A report from Monday, December 26th, indicates that the Japanese financial authority is planning to lift the ban on the domestic distribution of foreign-issued stablecoins in 2023. Currently, no exchanges registered in the country offer trading in stablecoins like USDC or USDT.

Japan to Allow the Distribution of Dollar-Pegged Stablecoins

According to a recent report, the Financial Services Agency (FSA) of Japan is planning to lift the ban on the distribution of foreign-issued stablecoins linked to “legal currencies such as the US dollar”. However, there are still doubts surrounding the effectiveness of recording transaction information and the Japanese watchdog believes that tighter anti-money laundering measures will be required after the lifting of the ban.

In June 2022, the Japanese parliament voted on a bill meant to further regulate stablecoins. The law, prompted in large part by the shocking collapse of LUNA, limited the issuing of stablecoins to banks, fund transfer service providers, and trust companies. Some of the restrictions imposed this summer are expected to be eased or lifted in 2023.

Additionally, despite the wariness caused by the fall of Terraform Labs, Japan has been looking to stimulate the cryptocurrency sector throughout the year. In August, FSA proposed tax breaks both for digital assets and individual stock investors. Furthermore, it was reported in October that the country was looking to relax its cryptocurrency listing process in the coming months.

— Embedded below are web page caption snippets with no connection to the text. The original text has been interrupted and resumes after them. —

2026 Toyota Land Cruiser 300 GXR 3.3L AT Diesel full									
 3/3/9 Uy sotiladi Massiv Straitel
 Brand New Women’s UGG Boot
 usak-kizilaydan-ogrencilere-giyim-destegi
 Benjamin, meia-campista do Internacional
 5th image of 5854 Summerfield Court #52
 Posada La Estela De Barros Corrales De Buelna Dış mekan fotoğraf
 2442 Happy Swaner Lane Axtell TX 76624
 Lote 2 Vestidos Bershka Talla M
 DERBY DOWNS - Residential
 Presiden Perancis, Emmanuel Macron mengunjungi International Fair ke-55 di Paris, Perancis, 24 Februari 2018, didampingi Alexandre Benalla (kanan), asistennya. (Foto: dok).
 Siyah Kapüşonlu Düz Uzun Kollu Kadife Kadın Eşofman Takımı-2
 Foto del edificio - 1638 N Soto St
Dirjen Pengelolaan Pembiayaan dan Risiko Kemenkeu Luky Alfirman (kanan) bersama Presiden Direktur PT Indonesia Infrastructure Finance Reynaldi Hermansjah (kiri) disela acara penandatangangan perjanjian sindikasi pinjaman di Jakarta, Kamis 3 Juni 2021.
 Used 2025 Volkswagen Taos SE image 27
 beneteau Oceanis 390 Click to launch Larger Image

Stablecoin Scrutiny in the Aftermath of the LUNA Collapse

Japan wasn’t the only country to try and tighten its stablecoin regulation in 2022. Already in May, the government of the United Kingdom announced that it would speed up its effort to bring stablecoins under its regulatory framework as a part of its wide-reaching plans to regulate crypto activities.

In July, the European Central Bank published a report in which it highlighted the many risks associated both with stablecoins and cryptocurrencies in a broader sense. Late this summer, Singapore joined the countries looking to impose new restrictions on retail digital asset traders wishing to engage with stablecoins.

In September 2022, the United States House of Representatives introduced a bill aimed at prohibiting algorithmic stablecoins for a period of at least two years. Despite the numerous efforts to regulate this type of digital asset, the Financial Stability Board (FSB), an international body that monitors the global financial system, recently stated that no stablecoin meets its performance, resilience, and security recommendations.